*DATA*:
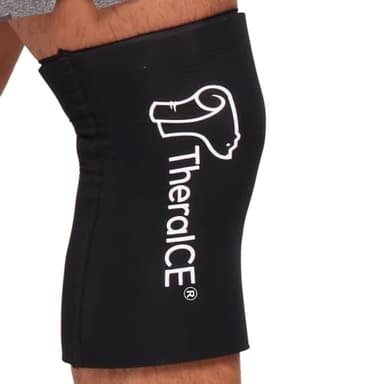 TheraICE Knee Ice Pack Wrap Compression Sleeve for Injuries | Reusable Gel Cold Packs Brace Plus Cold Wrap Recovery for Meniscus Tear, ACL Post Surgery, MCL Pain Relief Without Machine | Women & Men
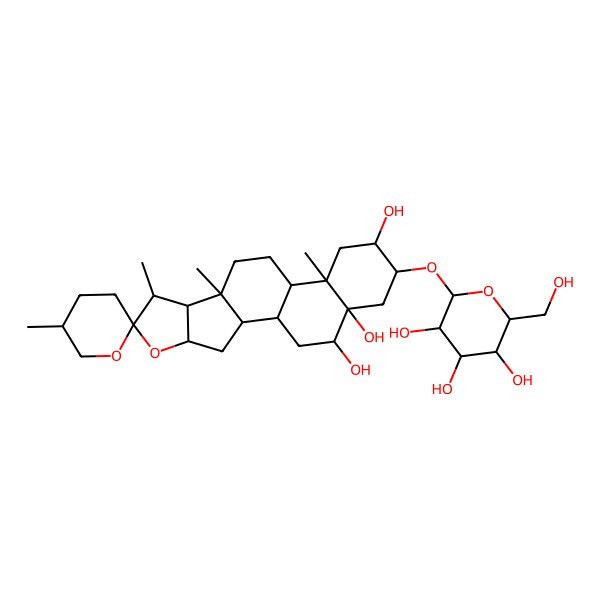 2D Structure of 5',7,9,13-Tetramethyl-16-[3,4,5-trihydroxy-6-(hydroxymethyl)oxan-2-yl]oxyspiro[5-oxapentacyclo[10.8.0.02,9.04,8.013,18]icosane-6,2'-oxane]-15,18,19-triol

...

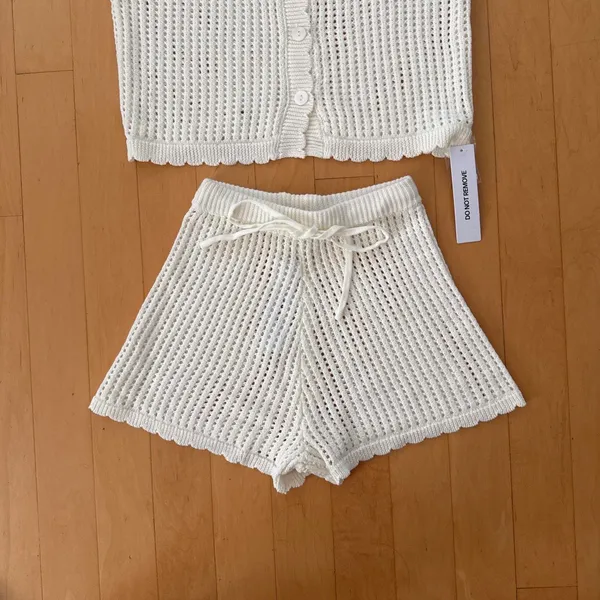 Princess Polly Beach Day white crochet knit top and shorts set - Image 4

*HOW TO COMPLETE THIS TASK*: Leaving all pictures out, output exactly the lines of the material above from the line with "TheraICE Knee Ice" to the line with "2D Structure of", both included.

*EXPECTED ANSWER*:
 TheraICE Knee Ice Pack Wrap Compression Sleeve for Injuries | Reusable Gel Cold Packs Brace Plus Cold Wrap Recovery for Meniscus Tear, ACL Post Surgery, MCL Pain Relief Without Machine | Women & Men
 2D Structure of 5',7,9,13-Tetramethyl-16-[3,4,5-trihydroxy-6-(hydroxymethyl)oxan-2-yl]oxyspiro[5-oxapentacyclo[10.8.0.02,9.04,8.013,18]icosane-6,2'-oxane]-15,18,19-triol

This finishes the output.